• [What you should do]: The task calls for the lines from the start of the entries below through the line with "1pair 18K Gold", given again verbatim, with every picture dropped.

Collected data entries:

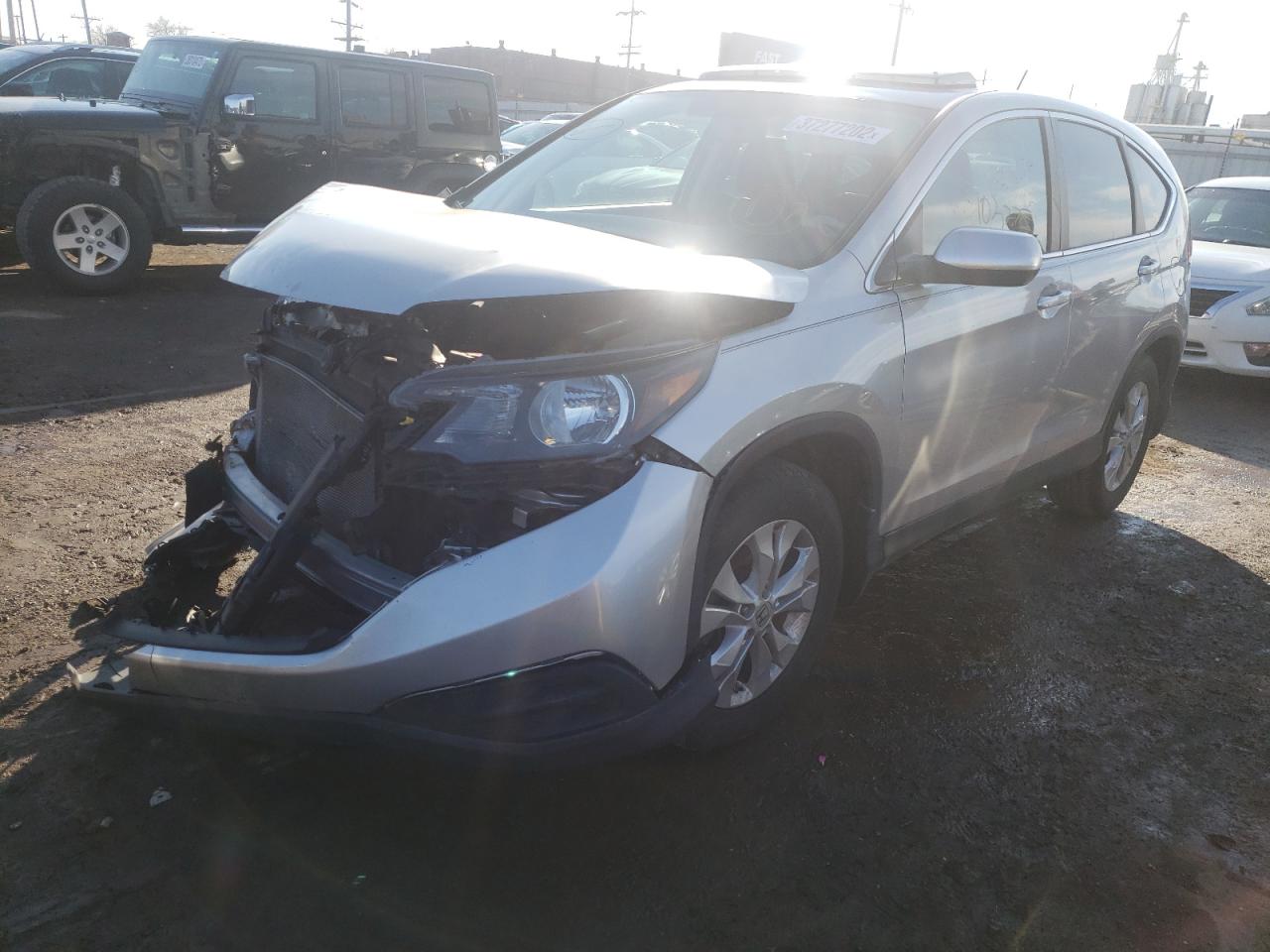Photo 2 from auction – 2013 HONDA CR-V EX with VIN 3CZRM3H55DG704266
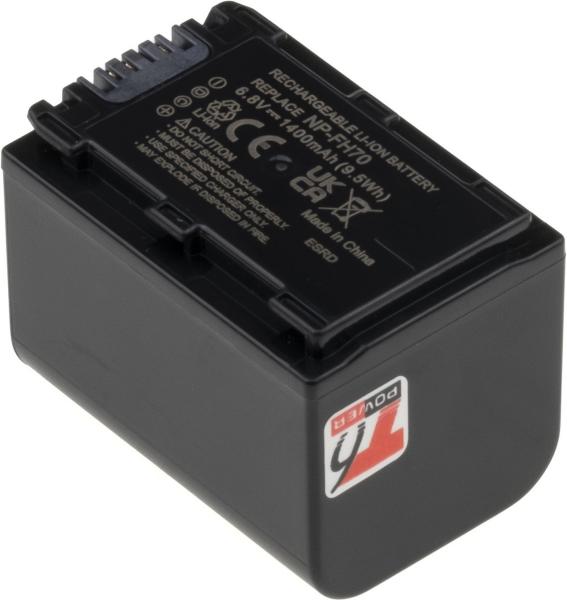 Baterie T6 Power Sony NP-FH70, 1400mAh, 9, 5Wh, šedá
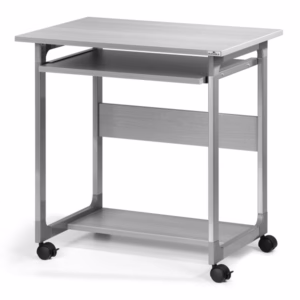 Pc Workstation System 75 FH - con ruote - 3 ripiani - 75 x 53,4 x 77 cm - grigio - Durable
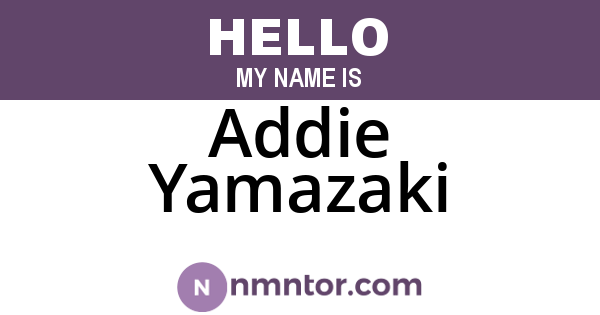 Addie Yamazaki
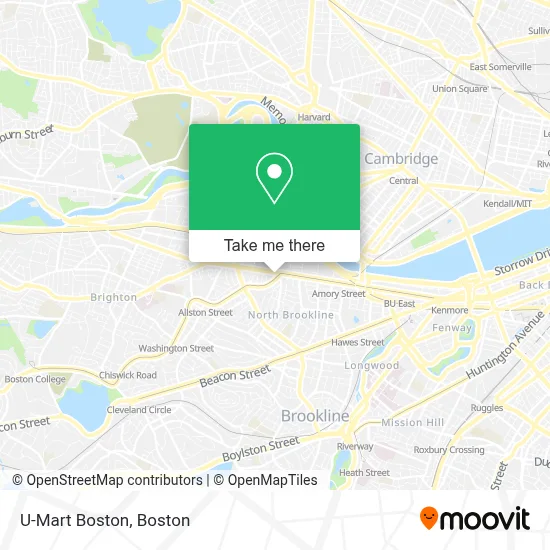 U-Mart Boston map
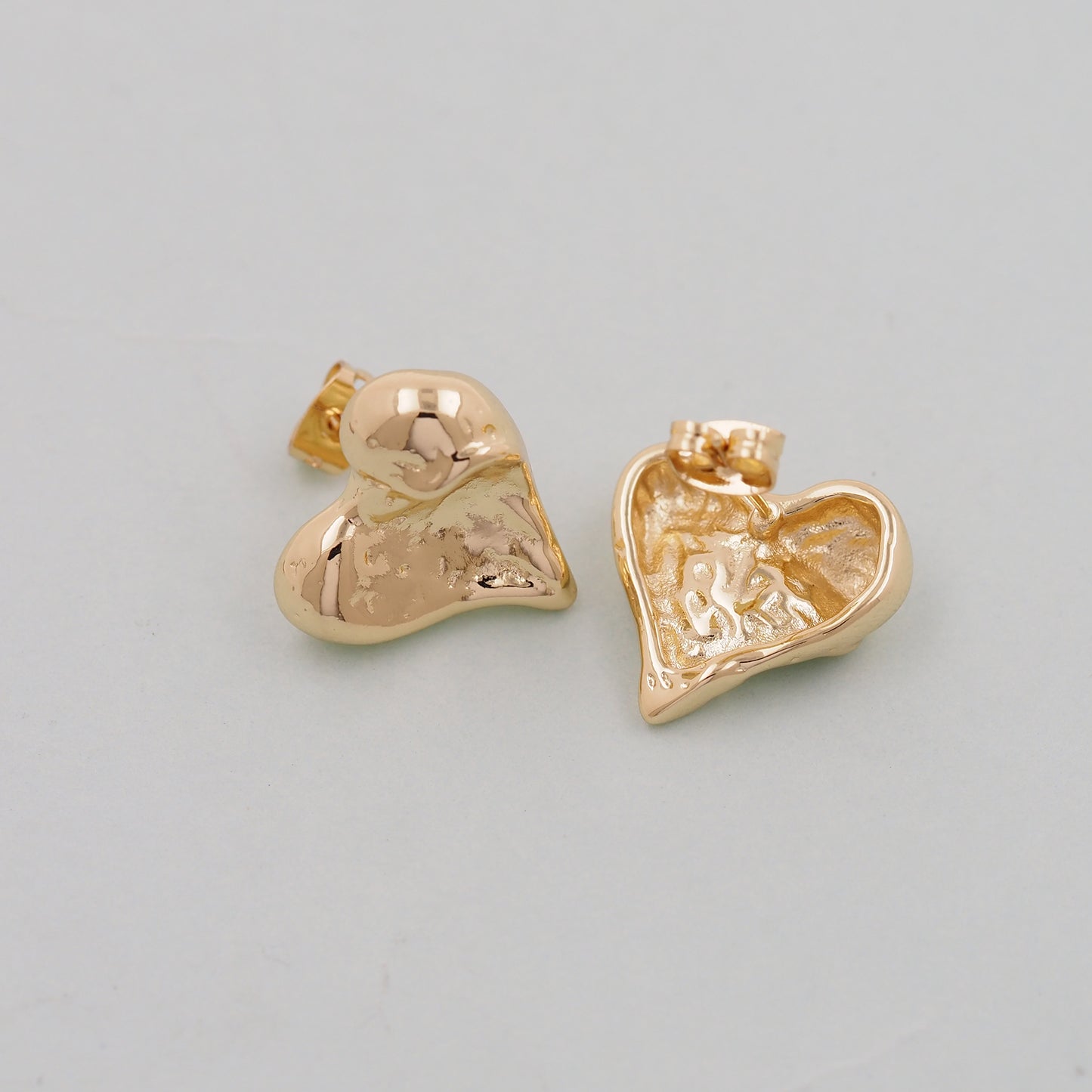 1pair 18K Gold Filled Heart Earrings,Gold Earrings,Dainty Earrings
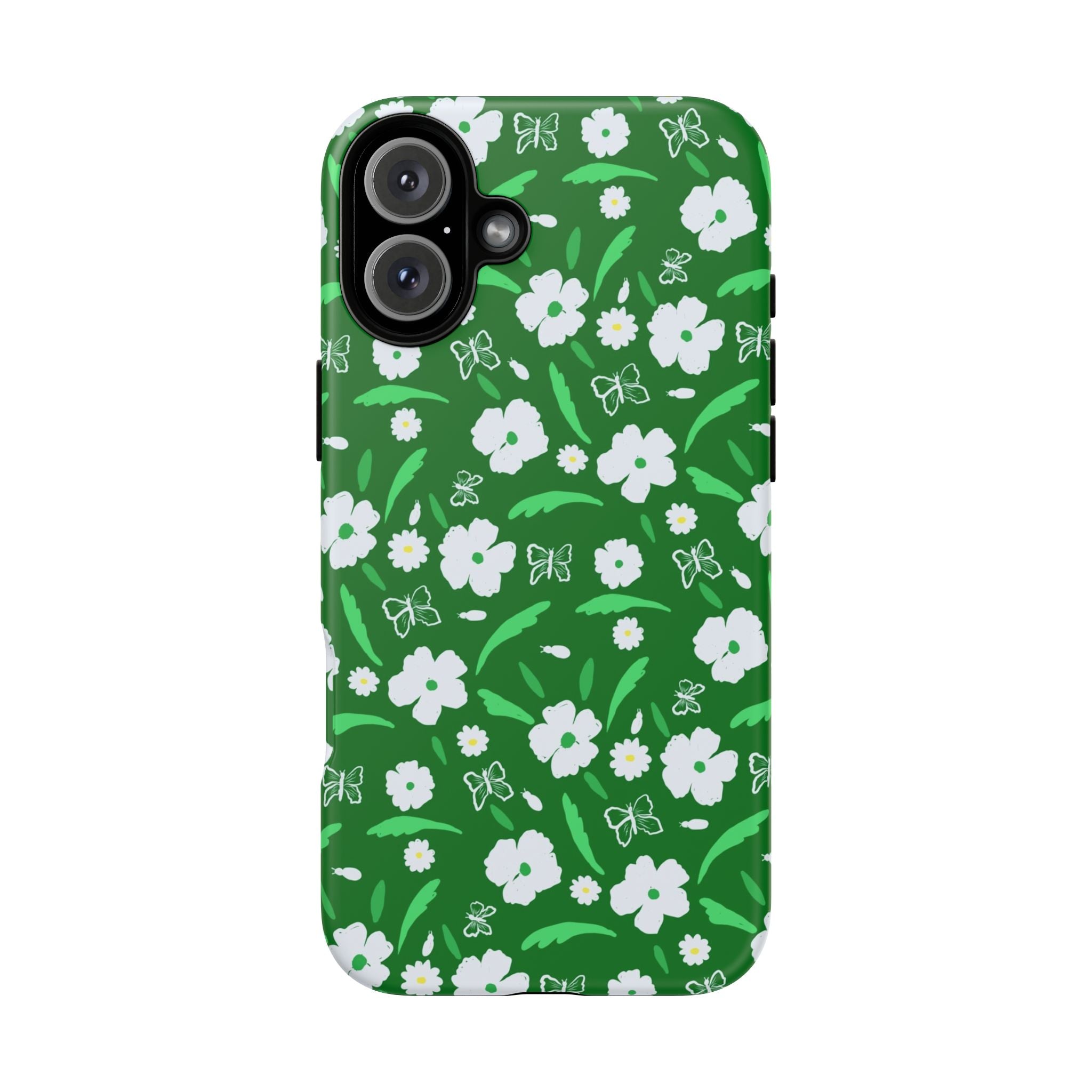 Green Meets White Flora Hand Designed Prints Tough Cases Printify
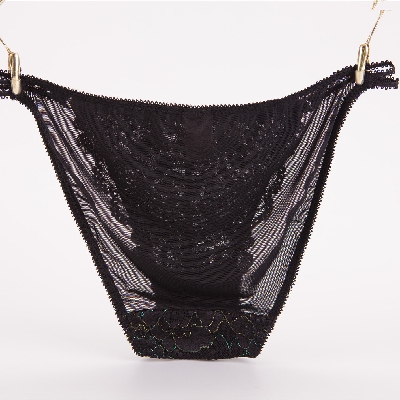 Sexy Sheer Panties Ladies Tulle Lingerie T-back G-string
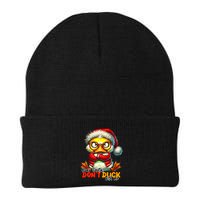 Dear Santa Dont Duck With Me Funny Sarcastic Grumpy Duck Christmas Beanie
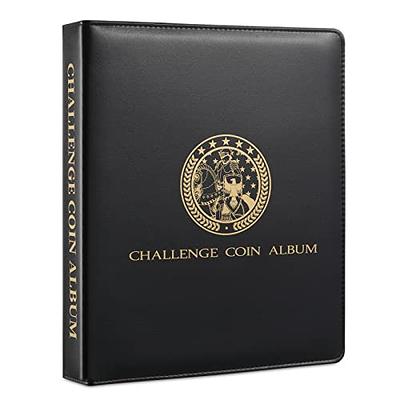 MUDOR Challenge Coin Collection Holder Album for Collectors, Military  Challenge Coin Collection Book, Challenge Coin Display Holds 114 Coins,  Medallions, Badges, Tokens, Casino Chips - Yahoo Shopping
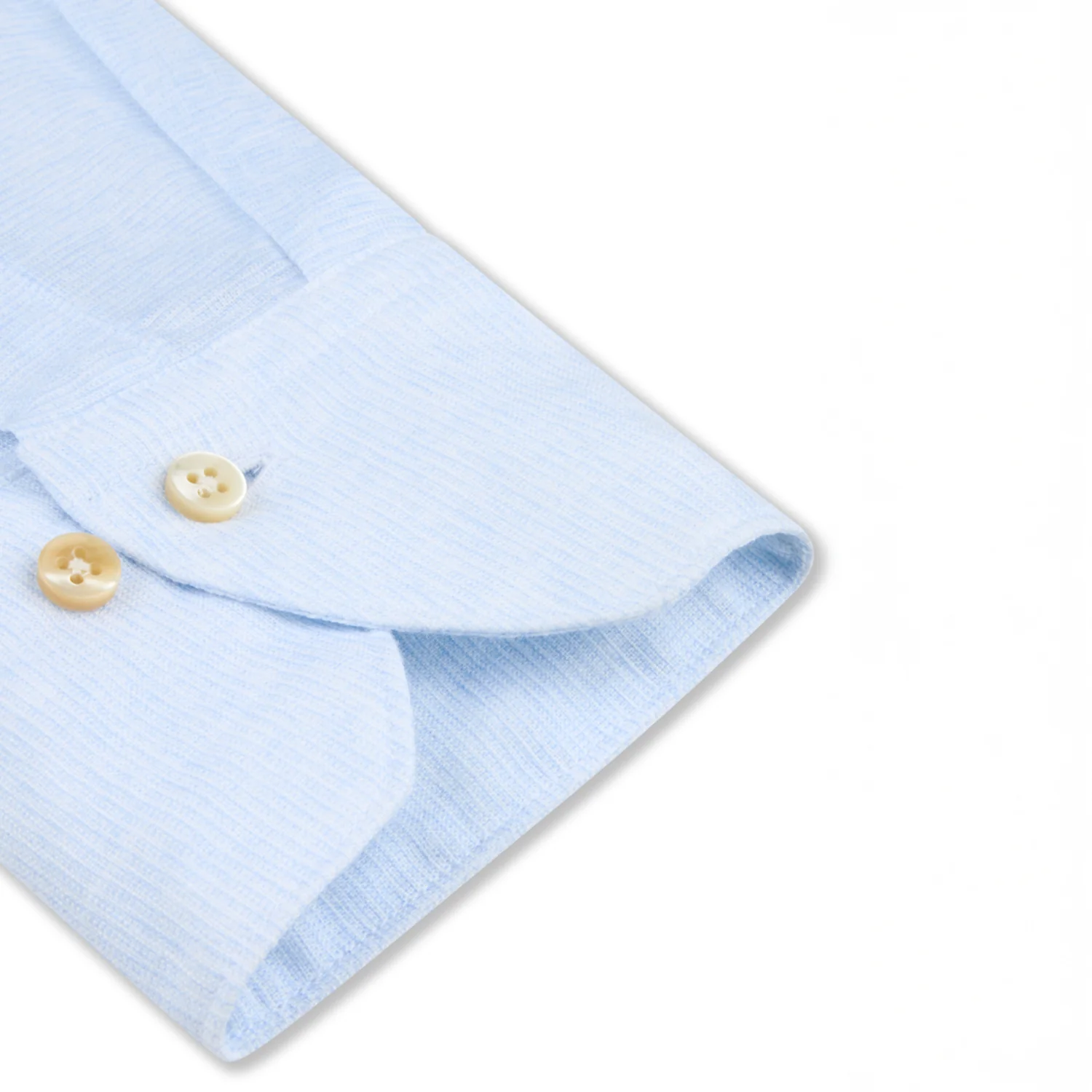 Light Blue Linen Lyocell Stretch Fitted Body Casual Shirt - Stenströms - Image 8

• [Expected answer]:
Photo 2 from auction – 2013 HONDA CR-V EX with VIN 3CZRM3H55DG704266
 Baterie T6 Power Sony NP-FH70, 1400mAh, 9, 5Wh, šedá
 Pc Workstation System 75 FH - con ruote - 3 ripiani - 75 x 53,4 x 77 cm - grigio - Durable
 Addie Yamazaki
 U-Mart Boston map
 1pair 18K Gold Filled Heart Earrings,Gold Earrings,Dainty Earrings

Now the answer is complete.